[Saved entries]
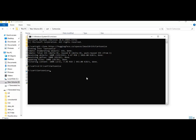Now create a virtual environment using Python 3.10. After the venv is created, activate it with the activation code.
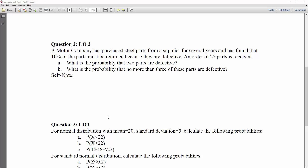In this video, we will look at how we can use Excel to calculate the probability for binomial distribution. We are looking at a motor company. A motor company has purchased steel parts from a supplier for several years and has found that 10% of the parts must be returned because they are defective. An order of 25 parts is received. The first question we are looking for: what is the probability that two parts are defective?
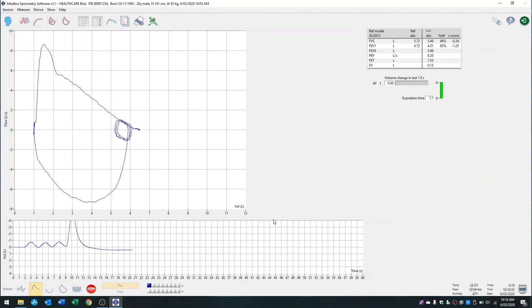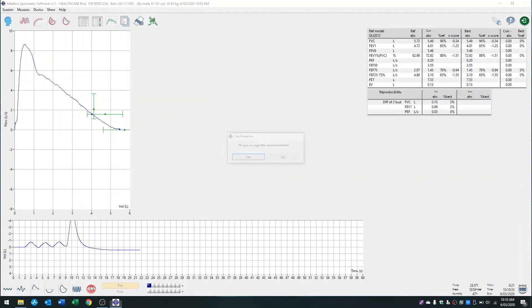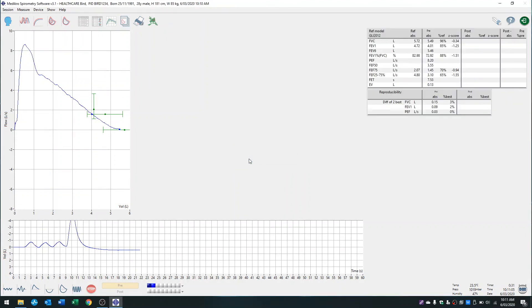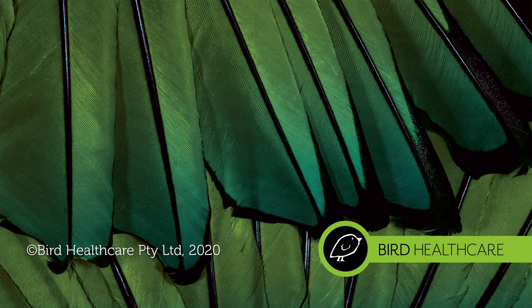All right, so I'll press stop. It will ask you if you want to accept this measurement. If it's satisfactory to you and within the acceptable limits, you would press yes.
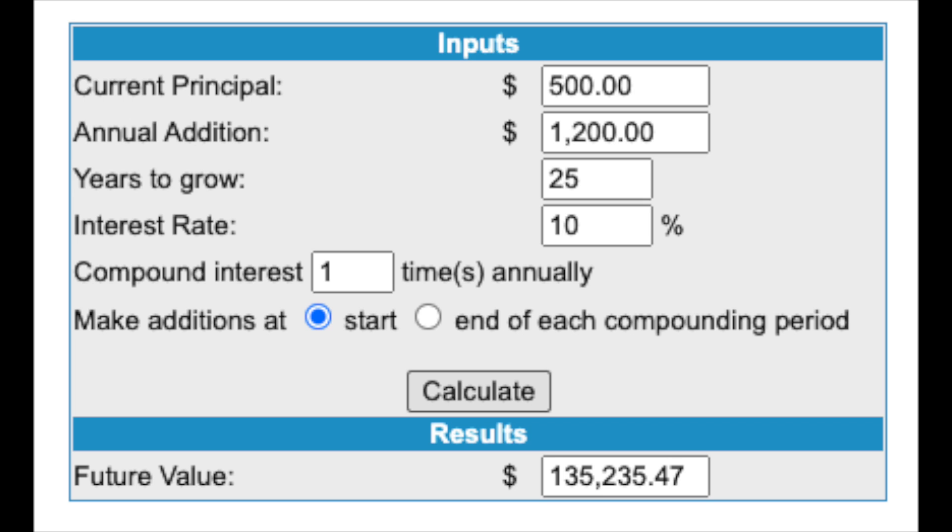If you invest five hundred up front and add a hundred dollars each month for 50 years, you'd get roughly one and a half million. But if you only do it for 25 years, you would only have one hundred thirty-five thousand dollars — which is still a ton of money off your initial investment, but definitely nowhere near a million and a half.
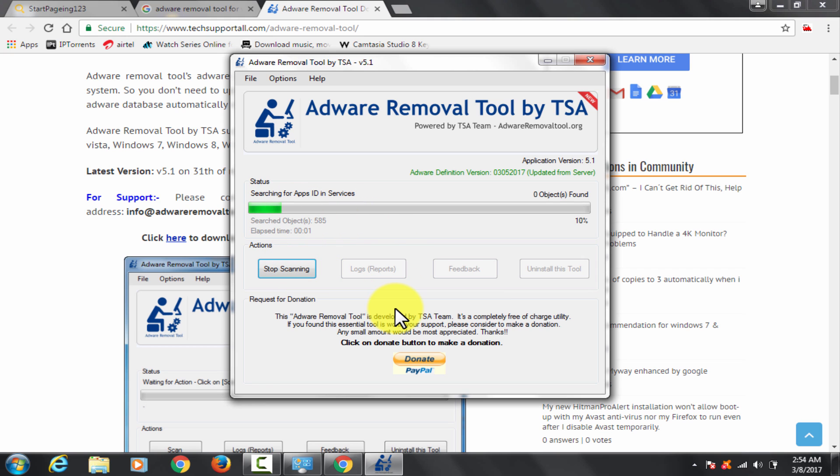Click on scan button. It is going to take some time for completion. So I am fast forwarding the process and going to show you how it's working. It already got two objects. You can see that's shown in red color.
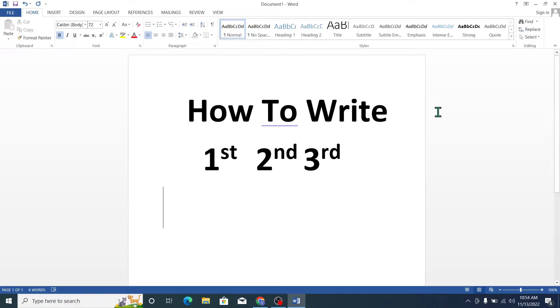Hello everyone, welcome back to my channel. Today in this video I'll show you how to write first, second, third.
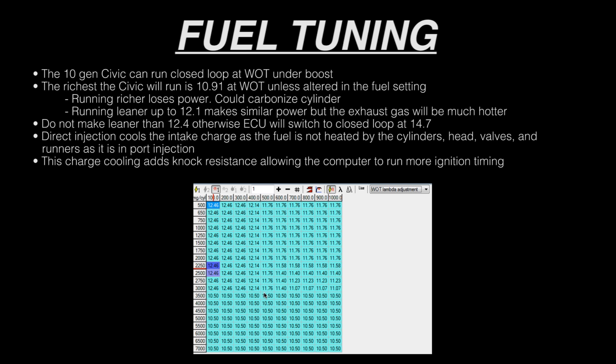Honda's direct injection is an excellent system for intercooling the intake charge because the fuel spray doesn't hit the valves, ports, intake runners, pistons, or cylinder walls. So the 91 octane or even 87 octane is cooled very well. The cooler charge leads to less knock and allows you to run more ignition timing.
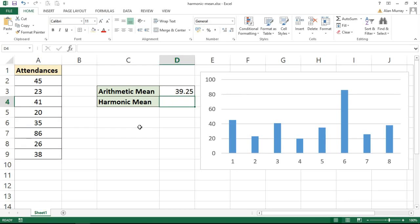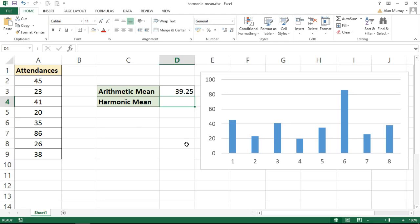Now what the harmonic mean function will do is calculate the harmonic mean. That type of mean can be used in examples like this where you have extreme outliers that will distort the result. By using the harmonic mean it will show less significance to the outlying values, therefore giving you a more accurate picture of your data.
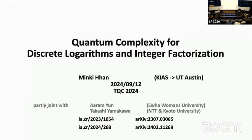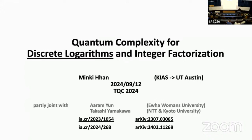Welcome to the second talk of the session. We have Minky Han on the quantum complexity for discrete logarithms and integer factorization. Thank you for the introduction. I will today give a kind of merged version of two papers, partly joined with Aramun and Takashi Yamakawa. I will talk about the generic quantum complexity about discrete logarithm and integer factorization, but it's a little complicated, so I mainly focus on the discrete logarithm and probably on the first paper.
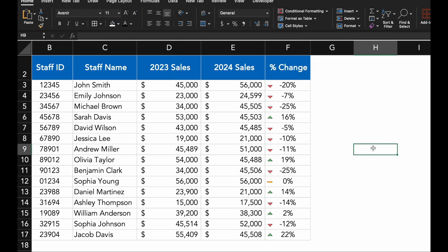Excel allows you to customize how these icons are applied. Here, you can define the exact threshold for each icon. As you can see, the icon sets give us a quick visual indicator of each staff member's performance change. Green arrows highlight significant improvements, yellow indicates little to no change, and red flags decrease in performance.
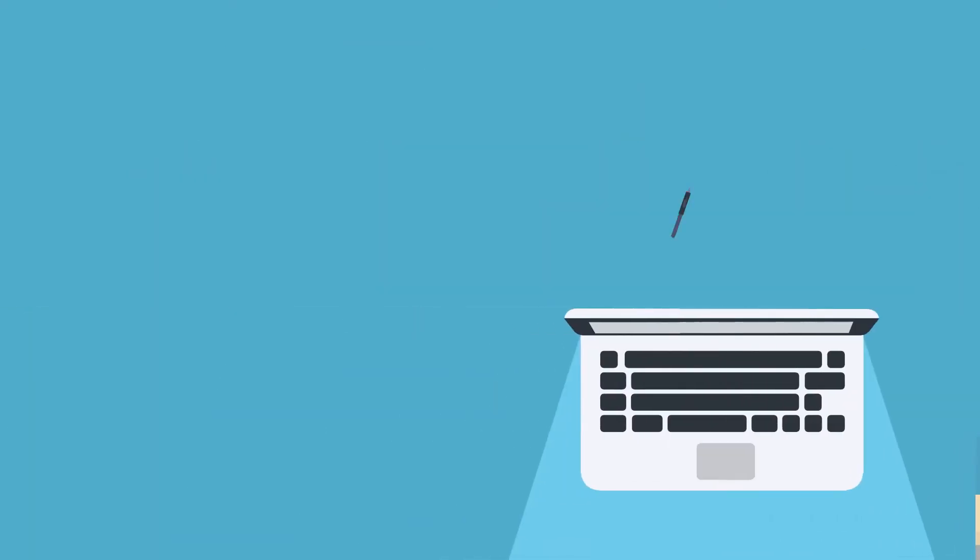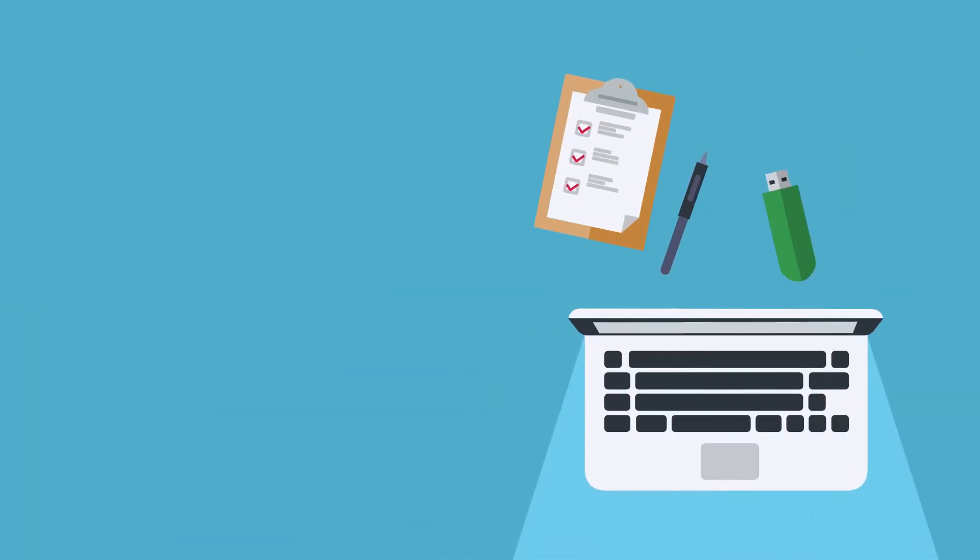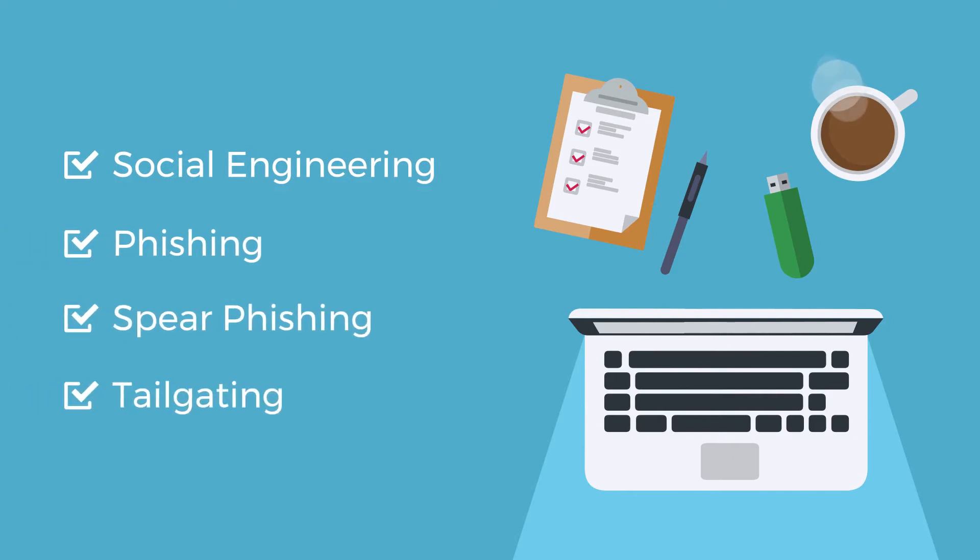From here, the testers are allowed to implement the TTPs that they believe will be most effective in achieving the set objectives.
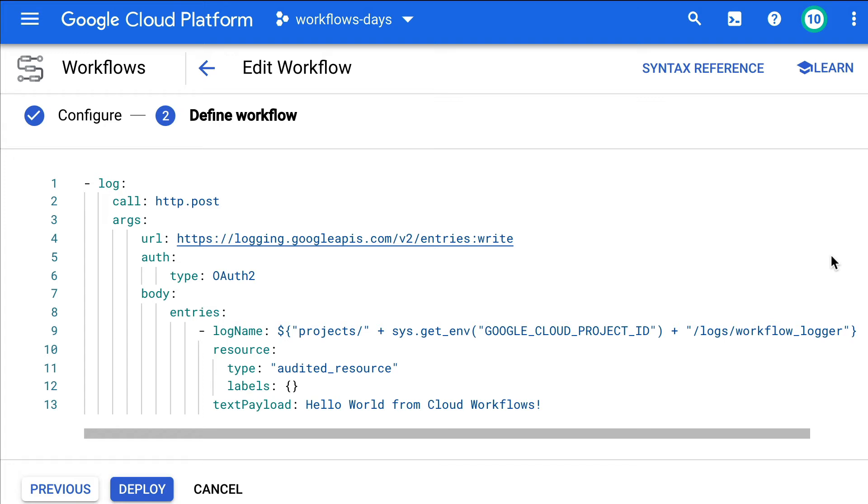Time to come back to our series on cloud workflows. Sometimes for debugging purposes or for auditing, it is useful to be able to log some information via cloud logging.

Problem to solve
Each record should be quoted exactly, with the images omitted.

Exercise output
Now create a virtual environment using Python 3.10. After the venv is created, activate it with the activation code.
In this video, we will look at how we can use Excel to calculate the probability for binomial distribution. We are looking at a motor company. A motor company has purchased steel parts from a supplier for several years and has found that 10% of the parts must be returned because they are defective. An order of 25 parts is received. The first question we are looking for: what is the probability that two parts are defective?
All right, so I'll press stop. It will ask you if you want to accept this measurement. If it's satisfactory to you and within the acceptable limits, you would press yes.
If you invest five hundred up front and add a hundred dollars each month for 50 years, you'd get roughly one and a half million. But if you only do it for 25 years, you would only have one hundred thirty-five thousand dollars — which is still a ton of money off your initial investment, but definitely nowhere near a million and a half.
Click on scan button. It is going to take some time for completion. So I am fast forwarding the process and going to show you how it's working. It already got two objects. You can see that's shown in red color.
Hello everyone, welcome back to my channel. Today in this video I'll show you how to write first, second, third.
Honda's direct injection is an excellent system for intercooling the intake charge because the fuel spray doesn't hit the valves, ports, intake runners, pistons, or cylinder walls. So the 91 octane or even 87 octane is cooled very well. The cooler charge leads to less knock and allows you to run more ignition timing.
Now what the harmonic mean function will do is calculate the harmonic mean. That type of mean can be used in examples like this where you have extreme outliers that will distort the result. By using the harmonic mean it will show less significance to the outlying values, therefore giving you a more accurate picture of your data.
Welcome to the second talk of the session. We have Minky Han on the quantum complexity for discrete logarithms and integer factorization. Thank you for the introduction. I will today give a kind of merged version of two papers, partly joined with Aramun and Takashi Yamakawa. I will talk about the generic quantum complexity about discrete logarithm and integer factorization, but it's a little complicated, so I mainly focus on the discrete logarithm and probably on the first paper.
Excel allows you to customize how these icons are applied. Here, you can define the exact threshold for each icon. As you can see, the icon sets give us a quick visual indicator of each staff member's performance change. Green arrows highlight significant improvements, yellow indicates little to no change, and red flags decrease in performance.
From here, the testers are allowed to implement the TTPs that they believe will be most effective in achieving the set objectives.
Time to come back to our series on cloud workflows. Sometimes for debugging purposes or for auditing, it is useful to be able to log some information via cloud logging.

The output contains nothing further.